One of the most-asked questions I encounter in my practice is what type of business entity to form. This is perhaps the most consequential legal decision your business will make. The decision will hinge on a number of factors such the capital investment sought, the number of owners, the number of employees, management preferences, etc. What follows are the pros and cons of the most common business entities.
Subchapter C Corporation
Perhaps the most well-known characteristic of the corporation is limited liability. Each shareholder’s maximum liability to creditors is the value of his or her investment. In addition, ownership in a corporation is freely transferable and the life of the entity is theoretically infinite.
Structurally, all corporations include shareholders who own the equity of the corporation, but whose sole authority is to elect the board of directors. The board of directors make the essential decisions for the corporation, such as appointing corporate officers, authorizing mergers and acquisitions, authorizing issuances of stock, and petitioning for bankruptcy. This legal structure (i.e. shareholders, board, and officers) is fairly set in stone. Also set in stone are the rules governing profit sharing.

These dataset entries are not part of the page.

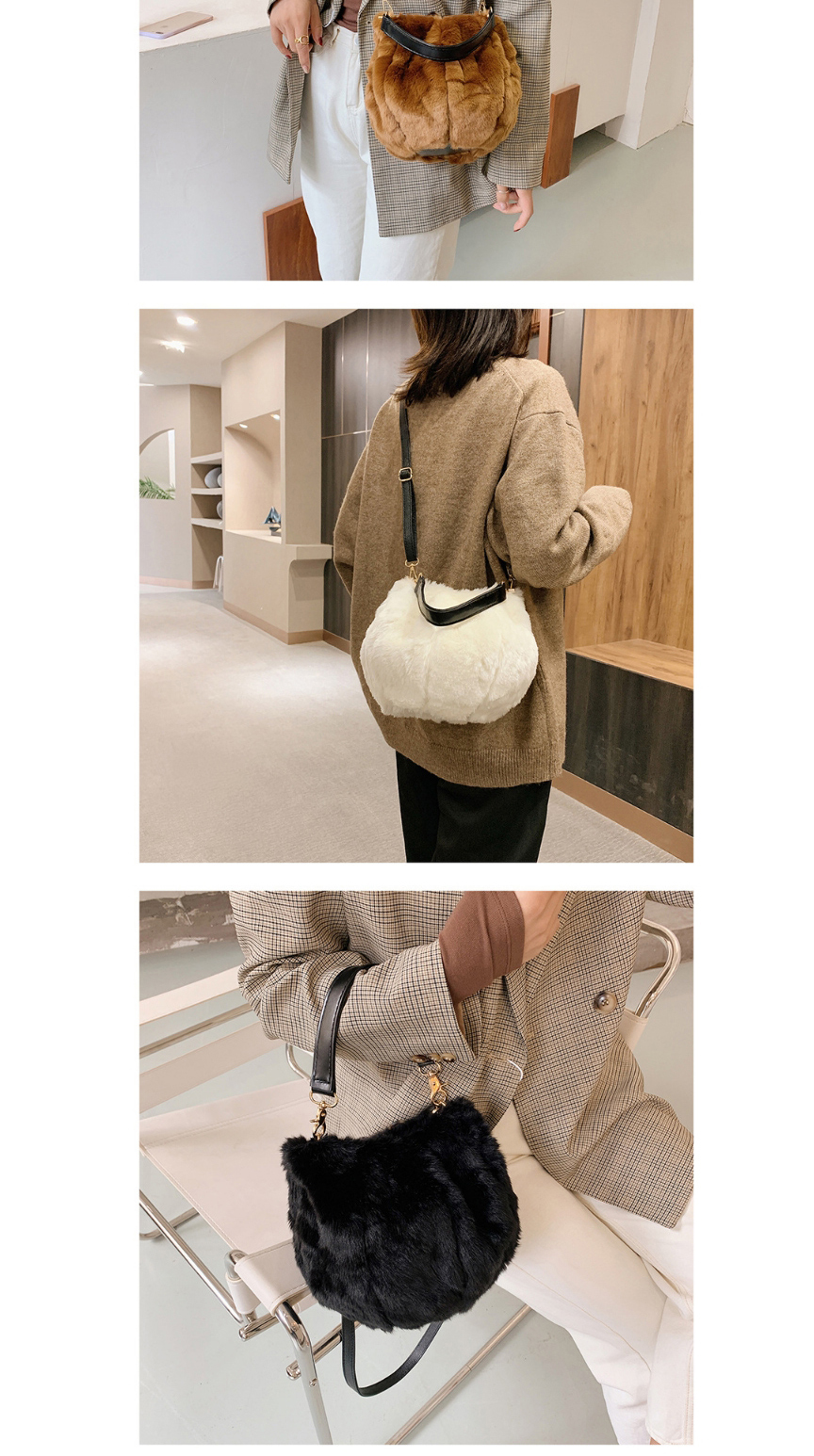 Fashion Tiger Skin Pattern Plush Pleated Shell One-shoulder Messenger Bag,Handbags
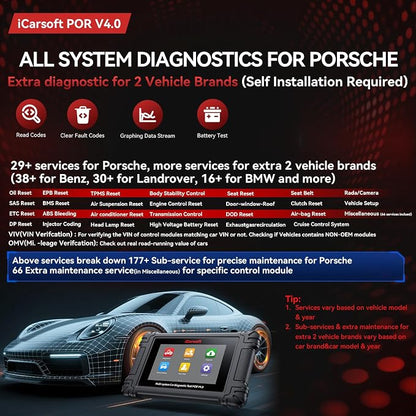 iCarsoft POR V4.0 Bidirectional Diagnostic Tool for Porsche + 2 Extra Car Brands, OBD2 Scanner with 1333 Test Items/ 29 Services (177 Subservices)/ 66 Extra Services/Battery Registration-Free Update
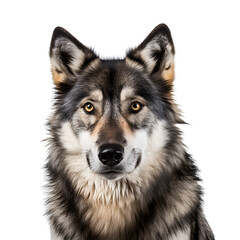 Half Body Portrait of a Wild Wolf, Isolated on Transparent Background, PNG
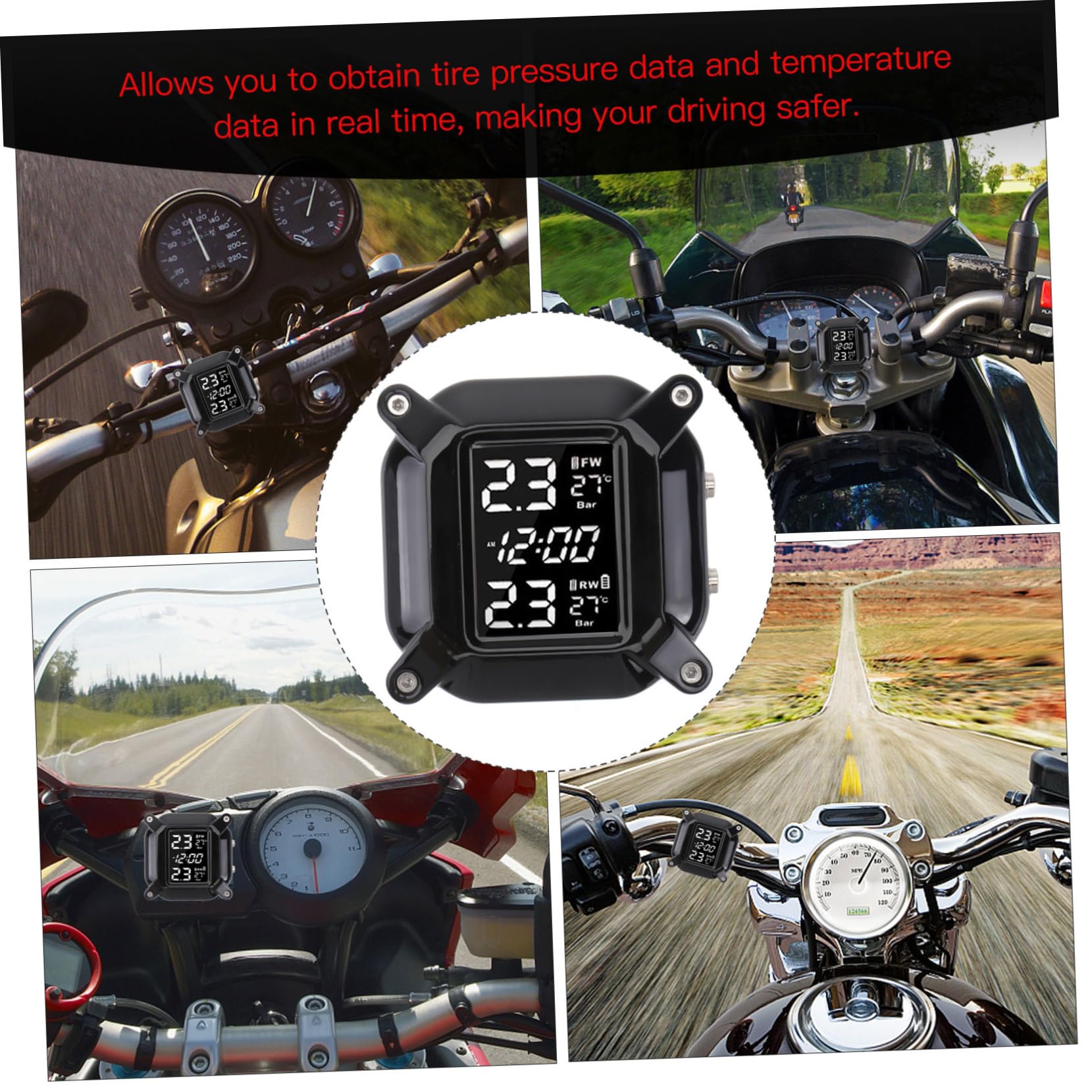 Gatuida De Presión De Neumáticos para Moto, Juego De 1 Unidad, Material Plástico Duradero, Monitor De Presión En Real, Alarma Precisa, Uso Automotriz y Motocicletas
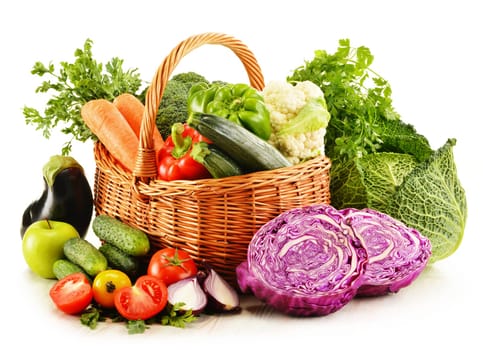 Composition with variety of fresh organic vegetables isolated on white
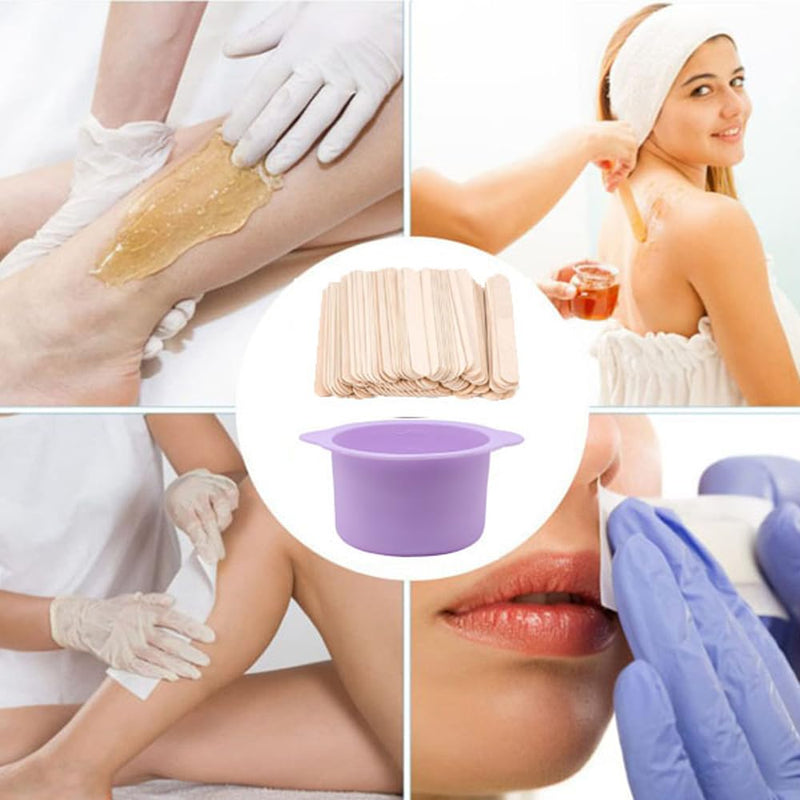2pcs Silicone Wax Warmer Liner & 50 Pcs Waxing Sticks Body Hair & 50 Pcs Protective Collars Ring Removal Sticks Applicator Easy to Clean Non-Stick Wax Pot Silicone Bowl Purple-2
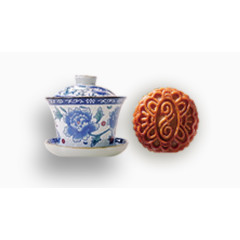 茶杯月饼装饰图案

The C corporation generally is the best of the business entities to raise large sums of capital from large numbers of investors. First, there is no limit to the number of shareholders. Second, the investors have no management authority unless appointed by the board of directors to be an officer. Third, the legal structure is familiar and investors know what they’re getting into. I elaborate on this final point in my discussion below on LLCs.
The primary detriment of the C corporation is double taxation: corporations are subject to a corporate income tax for corporate income and a capital gains tax on shareholder dividends. In addition, corporations (especially C corporations) are inflexible and subject to significant IRS reporting requirements.
For these reasons, I would almost never advise a client to form a C corporation when the business will likely consist of few shareholders and moderate to low capital.
Subchapter S Corporation
S corporations differ from C corporations primarily with regard to taxation. S corporations are considered “pass-through” business entities, which means there is no corporate income tax. All income taxation takes place at the ownership level.
Further, S corporations enjoy centralized management. As stated above, this means that shareholders do not automatically have management authority in the business.
The primary obstacle faced by S corporations is that, while there is no limited to capital that an S Corporation can raise, S corporations are limited to 100 shareholders. And don’t think that you can get around this simply by placing ownership of shares in trusts or other S corporations. The IRS thought of that long ago.
Also, S corporations are limited to only one class of stock. This can be a problem if one of your biggest potential investors insists on having a higher priority in the event of a liquidation. Also, classes of shares can be assigned different voting power, which can be a defense against a hostile takeover. However, when this is a concern, I advise my clients to include in the stock purchase agreement a stock-transfer restriction. Usually these give the corporation the right of first refusal to buy back the shares at the price being offered by the third party. All that said, the restriction on stock classes is rarely a major impediment.
For these reasons, S corporations are ideal business entities for raising large amounts of capital from limited sources. However, because of the limited shareholders (who have to be individual shareholders), S corporations will never “go public”.
Limited Liability Company (LLC)
Like S corporations, LLCs receive the benefits of limited liability and pass-through taxation.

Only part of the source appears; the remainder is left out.